The only issue here should be: Who gets paid and how much?
The big problem now, of course, is that developers have been working in a certain system for years and some feel that the rug is suddenly being pulled from beneath their feet. At the same time, developers have pointed out that a more stable service with clear definitions on its rules can benefit everyone. Haines explained that, by shutting down services that don't meet the TOS, Twitter can clarify its position to all - a position that has been stated rather simply, but enforced less so.
"It'll be good if Twitter is currently taking some time to clean up rogue services," said Haines ,"and make it clear what they allow and what they don't allow."
The more general and obvious trend in all of this is Twitter's move toward monetization.
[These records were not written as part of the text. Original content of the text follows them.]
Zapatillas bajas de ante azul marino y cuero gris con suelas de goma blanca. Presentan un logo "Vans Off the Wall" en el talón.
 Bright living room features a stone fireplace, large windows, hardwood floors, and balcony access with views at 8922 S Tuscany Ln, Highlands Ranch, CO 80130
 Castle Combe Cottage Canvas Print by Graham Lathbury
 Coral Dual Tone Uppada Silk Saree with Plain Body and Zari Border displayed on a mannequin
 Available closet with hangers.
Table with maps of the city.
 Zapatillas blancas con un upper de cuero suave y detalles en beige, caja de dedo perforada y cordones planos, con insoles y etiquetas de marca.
When Twitter killed the API whitelist, the primary suggestion for services that required more historical Twitter data was to pay Gnip, the only authorized reseller of Twitter data. When UberTwitter and Twidroyd were suspended, Twitter just happened (perhaps it was a terrible, coincidental PR failure) to be promoting its own clients with promoted trends. O'Brien couldn't help but reach a similar conclusion.
"I'm wondering if tomorrow they're going to be saying there's an archive open," said O'Brien. "I'm just speculating."